The group, mostly children from Svay Rieng province, is part of a growing population of Cambodians traveling to Vietnam to beg for money.
“We have been sending Cambodian beggars back to Cambodia sometimes as often as once or twice a month,” said Luon Kimkhuon, consul general at the Cambodian consulate in Ho Chi Minh City.
He said that many of the children are trafficked by ring leaders who keep a percentage of money earned from begging. He added that many of the returnees head back to Vietnam after they are released.
Hundreds of Cambodian children are begging in Vietnamese cities, according to Anne Horsley, a project coordinator with the International Organization for Migration.
But she added that a small IOM study of two groups recently repatriated suggested that more children are taken to Vietnam by one or both parents, rather than trafficked by a ringleader. The children generally stay for several months to earn money for their families.
Two children interviewed in Ho Chi Minh City’s Cholon district last week said they were from Svay Rieng’s Kompong Ro district and had been begging on the city’s streets for three weeks.
A definitive picture of the problem is hard to come by, as are statistics about how many of the children are victims of trafficking and how many return to Vietnam after being repatriated, Horsley said.
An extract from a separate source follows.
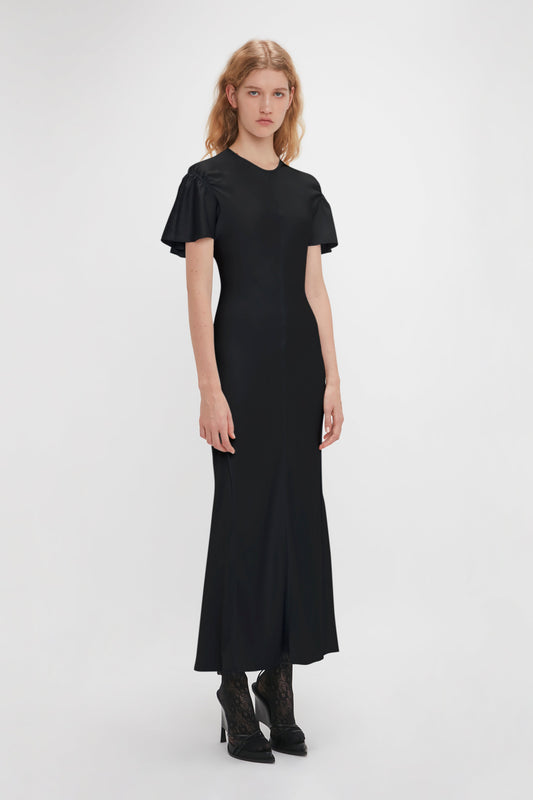 A woman with long hair is standing and wearing the Victoria Beckham Gathered Sleeve Midi Dress In Black paired with black ankle boots. She is facing the camera with a neutral expression against a plain white background.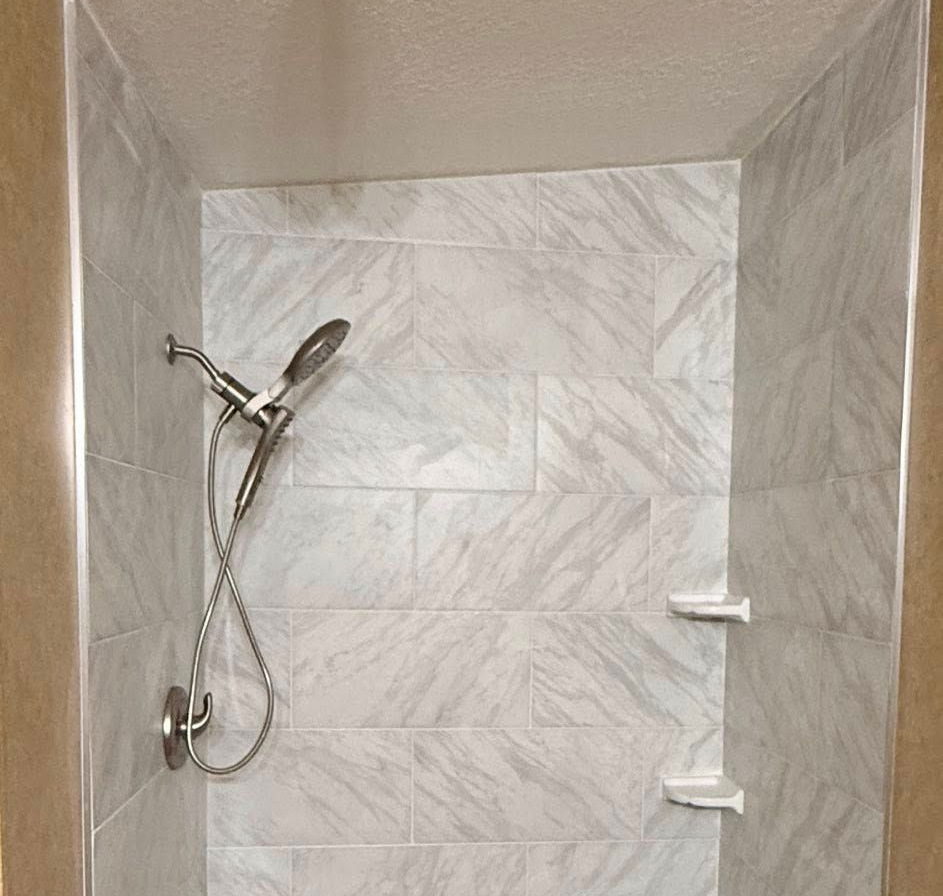 A professional reviews a floor plan sketch with a couple at a table.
Very little research has focused on the problem, and so most evidence is anecdotal.
Poverty is the main reason children beg, Horsley said. But Hun Neng, the provincial governor in Svay Rieng and the brother of the prime minister, disagreed.
“I went down myself to their houses in Chantrea and Kompong Ro districts,” he said. “They are begging to buy a motorbike or a TV, even though they have plenty of rice to feed them.”
Regardless of motivations, those traveling to Vietnam to beg represent a problem that is only just emerging, especially when compared to those crossing the border into Thailand, where as many has half of the children are trafficked by ringleaders, Horsley said. “The challenge now is to stop it from spreading,” she said.
Efforts to curb the illegal migration need to include educating parents and children, she said. But, she said, they also have to make it easier to prosecute the traffickers.